Surge in Apprenticeships illustrates how role is changing

Posted on 8 October, 2014 by Kirsten Kennedy

The past five years have seen increasing amounts of investment pumped into Manchester improving infrastructure, boosting the commercial property stock and creating thousands of jobs.  As well as going a long way to elevate the number of regular positions available in the North West, it has also led to a huge increase in apprenticeships.

Physiotherapist helping senior woman with walker at remedial gymnastics

According to the New Economy think tank, more than 30,000 people have gained the title of “apprentice” in Greater Manchester since the end of 2008 – an increase of 141 per cent. This means that apprentices now account for 2.6 per cent of Greater Manchester’s overall workforce, comparing very favourably to the national average of 2.2 per cent.

As well as demonstrating Manchester’s strength for job creation, the rising number of apprenticeships on offer has had a positive impact upon the local economy. New Economy’s Manchester Monitor also highlighted that fewer than 47,000 people in the area claimed Jobseeker’s Allowance (JSA) as of August 2014, marking a 2,700 decrease, or 5.5 per cent, since July.

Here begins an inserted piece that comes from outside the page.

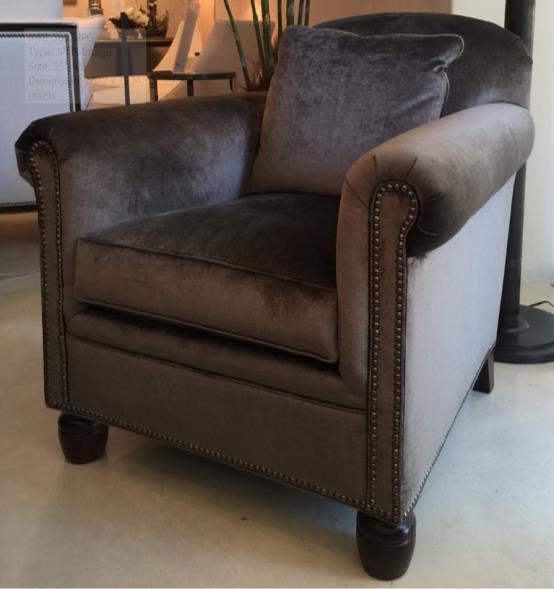 DAVID CLUB CHAIR Product Code: HC-2306-24 Designed by Thomas O Brien, it has a trim, rounded club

Principal for employment and skills at New Economy, Stephen Overell, points out that the JSA figures alone cannot accurately predict the economic position for Manchester’s average worker. However, he highlights the fact that apprentices in Greater Manchester are helping to overturn the traditional stereotypes of the role.

He says; “The ongoing year on year drop in Jobseeker’s Allowance claimants is encouraging, although the impact of Universal Credit on these figures should be taken into account.

“Apprenticeships are growing in popularity and the recent speeches by party leaders suggest they are set to expand much further in the years ahead.

“However, apprentices are changing – although the stereotype is of young men wielding spanners and wearing hard hats, women in care, customer service and administrative roles who are over 25 years old can justifiably claim to be the typical apprentice.”

Apprenticeships are certainly changing in Manchester, as the think tank found that a large number of those taking up a role are not in fact school leavers but workers aged between 30 and 50. Since 2008-2009, the number of apprentices in Greater Manchester over the age of 25 has risen by 446 per cent, with female applicants leading this drive.

Businesses considering launching operations in Manchester should take note of these findings as, along with property rents remaining lower than in cities such as Birmingham and London on average, the boom in apprenticeships indicates that the North West city offers a large supply of skilled workers.

Furthermore, key infrastructure links and the presence of MediaCity in Salford Quays offer numerous networking opportunities for businesses in a variety of industries.

Apprenticeships may not be an indicator of the economic performance of an area but, for businesses willing to invest, they can prove to be beneficial in the long term as this study shows.